Primeiro, eu vou colocar aqui o link da notícia que motivou este post.


Leu? Beleza, mas eu não quero mais falar de Marco Feliciano, porque falar dele me cansa, me deprime, me dá ímpetos homicidas e eu não quero chegar ao fim deste post morto, doente ou preso.

Eu quero falar com e sobre você, que concorda com ele.

Você pode até achar que, em nome da leitura que ele faz do livro sagrado que diz seguir, ele tem o "direito à livre expressão" ao dizer que africanos são "descendentes amaldiçoados" de algum personagem bíblico. Pode não ser muito justo culpar ao livro, porque, afinal, tudo isso pode ser apenas resultado da interpretação do racista de merda que ele é. Gente como ele é que mantém grande parte dos negros do país na posição de coadjuvantes de seu próprio tempo e história, ao sabor dos humores do "macho adulto branco sempre no comando". Se você concorda com ele, lamento dizer, isso faz de você, igualmente, um(a) racista de merda.

Você pode achar muito normal que ele e outros "ungidos" preguem, em pleno século 21, a submissão total da mulher ao homem e que estes mesmos senhores queiram barrar propostas de serviços públicos que visam a diminuir as mortes por abortos ilegais que acontecem desde sempre. Você pode concordar com essas pessoas que o lugar das mulheres é dentro de casa, tendo tantos filhos quanto o marido aguente fazer porque "a vida é sagrada" e métodos contraceptivos são "contra a vontade divina". Pode juntar-se àqueles que acham que mulheres "oferecidas" estão pedindo para serem estupradas, bem como compartilhar vídeos que mostrem moças em ato sexual com seus namorados, uns machistas de merda que se acham os fodões do pedaço, ao exibir-se em intimidade com elas que, agora, diante da repercussão online do vazamento das imagens, começam a apelar ao suicídio para escapar ao linchamento moral e isolamento social que se seguem. Você é livre para compactuar com tudo isso, desde que assuma que essas coisas fazem de você um(a) machista de merda.

Você pode concordar quando esse pulha usa um órgão governamental para perseguir ostensivamente uma minoria já historicamente segregada, barrando direitos civis que os gays já conquistaram em lugares melhor alfabetizados que o Brasil, países onde a intimidade do outro pertence apenas ao outro e ninguém tem projetos políticos baseados no controle do uso do pau, da xereca e do cu alheios.

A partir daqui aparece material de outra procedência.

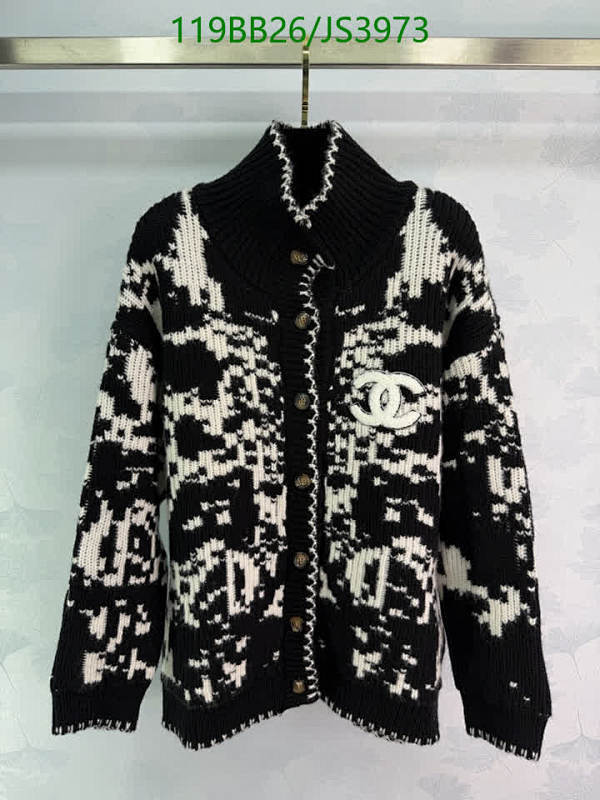 Chanel Women's Wool Cardigan Black and White Pattern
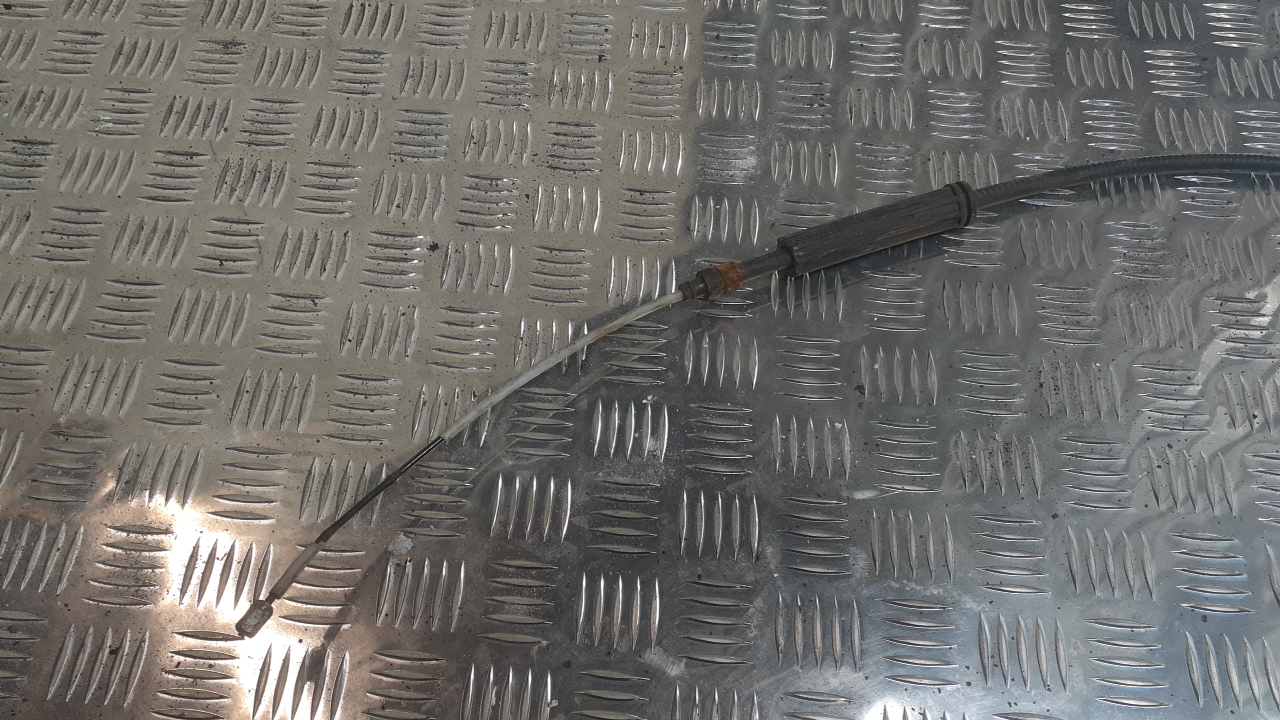 Трос стояночного тормоза правый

Você pode juntar-se ao coro dos que acreditam que ser um homofóbico de merda está limitado a chegar ao extremo de agredir a gays fisicamente, mesmo que isso seja uma burrice inclassificável de tão flagrante. Você é livre para olhar dentro dos olhos dos gays a quem talvez até chame de amigos e dizer que você os adora, mas que eles não têm direito a buscar a própria felicidade entre seus iguais, porque isso contraria a SUA convicção do que é bom para a vida DELES. Você pode. Basta que você admita que é um(a) homofóbico(a) de merda.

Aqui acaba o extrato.